Data flow for a tool call

  1. AI client emits tools/call over MCP.
  2. Python server validates args with Pydantic, builds a JSON command envelope, sends POST /cmd with Authorization: Bearer <token> (the legacy X-WB-Token header is still accepted).
  3. Mod's HTTP handler verifies the bearer against the AgentRegistry, resolves it into a RequestContext (agent id, role, kingdom claim, permissions, scenario flags), then parses the JSON body.
  4. The bridge runs the per-command permission gate (ctx.Require(Permission.X)) and — in turn-based sessions — checks that the caller holds the current turn. Both fail fast before any game-state work.
  5. Bridge enqueues an Action on the main-thread dispatcher with a TaskCompletionSource.
  6. Next Unity frame: dispatcher pops the action, the command runs with RequestContext in scope (so it can fog-of-war-filter reads or scope writes to the caller's kingdom), sets the TCS result.
  7. HTTP handler awaits the TCS, serializes the result, returns 200 OK.
  8. Python server returns the result to the MCP client.

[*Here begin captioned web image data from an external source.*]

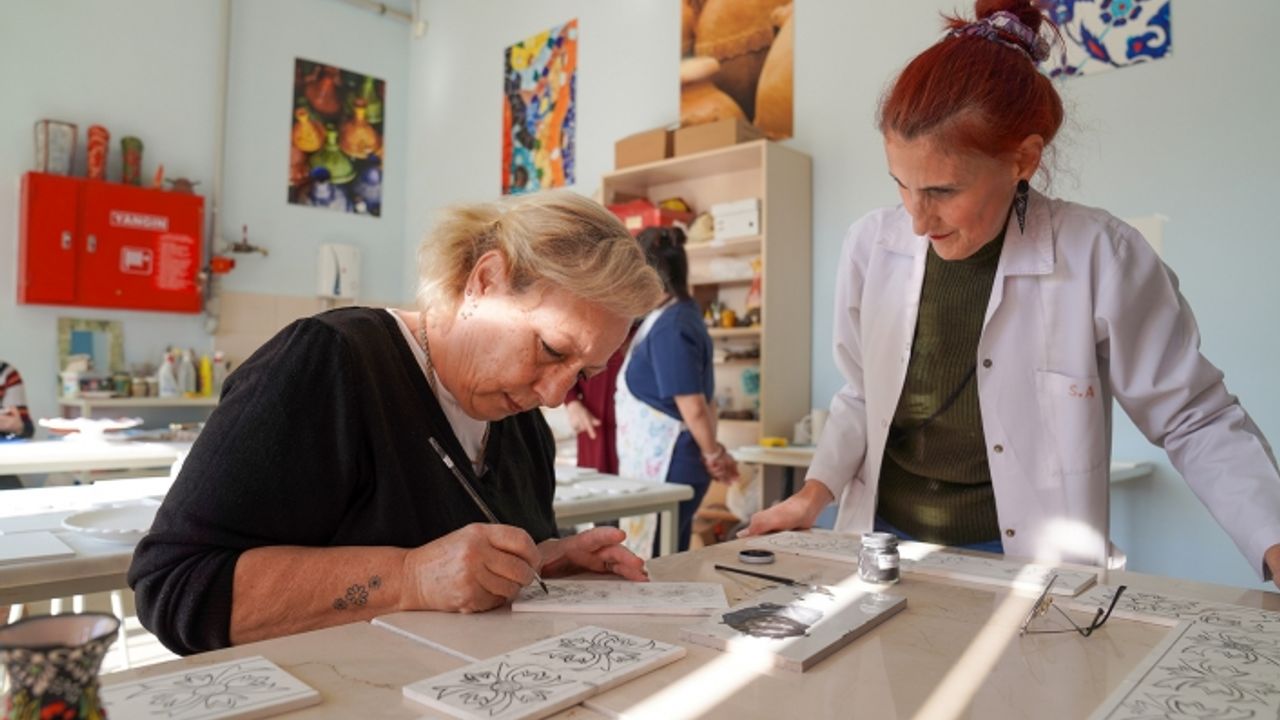 Çini kursu ile hem sosyalleşiyor hem de aile bütçelerine katkı sağlıyorlar
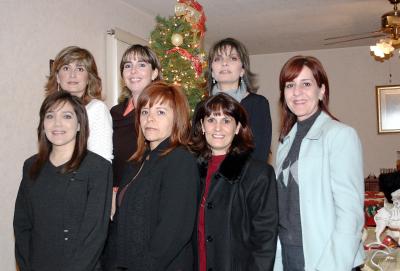 va_19122005_1
 Marcela, Cecilia, Pily, Lulú, Estela, Lorena, y Gina se reunieron para festejar la llegada de la Noche Buena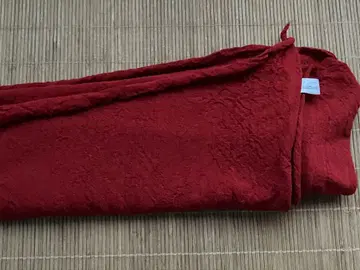 동봉용 빨간색 스톨과 스니커즈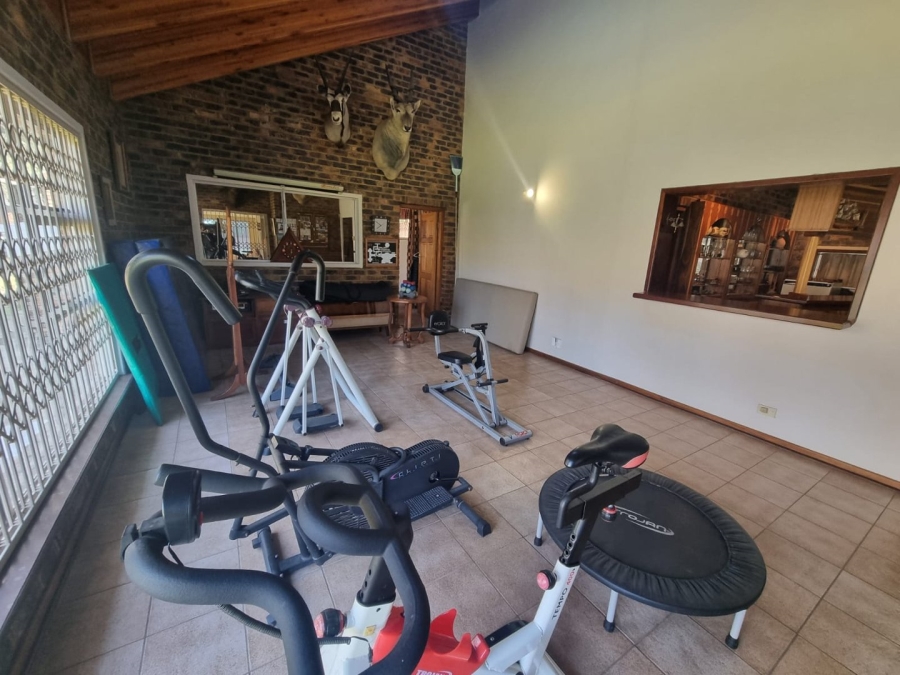 6 Bedroom Property for Sale in Kaalplaats Gauteng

For long-running commands the dispatcher enforces a 30-second timeout to keep the game from freezing if a reflection call goes pathological — see protocol.md.

Threading model summary

Thread Owns
.NET thread pool HTTP socket I/O, JSON parsing, command queueing
Unity main thread All game state reads/writes, all MapBox/World/Actor access
Logger Thread-safe via BepInEx.Logging.ManualLogSource